• **Work request**
Beginning at the line that contains "Phivolcs: Lava effusion, lava", write out each remaining line of the entries below exactly as it stands.

Items from a data source:
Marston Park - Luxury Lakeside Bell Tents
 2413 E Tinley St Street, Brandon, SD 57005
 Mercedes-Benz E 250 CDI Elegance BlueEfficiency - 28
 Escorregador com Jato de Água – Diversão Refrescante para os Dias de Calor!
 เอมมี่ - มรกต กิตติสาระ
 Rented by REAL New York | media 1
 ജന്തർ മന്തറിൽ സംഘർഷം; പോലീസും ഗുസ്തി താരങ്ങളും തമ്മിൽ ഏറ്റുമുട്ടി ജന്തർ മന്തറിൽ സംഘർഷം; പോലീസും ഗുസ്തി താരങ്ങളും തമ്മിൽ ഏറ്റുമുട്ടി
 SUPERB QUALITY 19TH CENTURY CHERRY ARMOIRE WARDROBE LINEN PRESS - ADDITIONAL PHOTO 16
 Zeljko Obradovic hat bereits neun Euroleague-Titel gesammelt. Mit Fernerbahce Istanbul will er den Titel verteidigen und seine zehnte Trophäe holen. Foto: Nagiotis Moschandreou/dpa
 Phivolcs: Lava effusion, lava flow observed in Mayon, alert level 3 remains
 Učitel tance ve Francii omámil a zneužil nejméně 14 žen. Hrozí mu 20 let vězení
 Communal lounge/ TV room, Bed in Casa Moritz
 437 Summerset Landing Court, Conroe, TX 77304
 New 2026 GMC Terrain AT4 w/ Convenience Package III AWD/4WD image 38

• **Result of this exercise**
 Phivolcs: Lava effusion, lava flow observed in Mayon, alert level 3 remains
 Učitel tance ve Francii omámil a zneužil nejméně 14 žen. Hrozí mu 20 let vězení
 Communal lounge/ TV room, Bed in Casa Moritz
 437 Summerset Landing Court, Conroe, TX 77304
 New 2026 GMC Terrain AT4 w/ Convenience Package III AWD/4WD image 38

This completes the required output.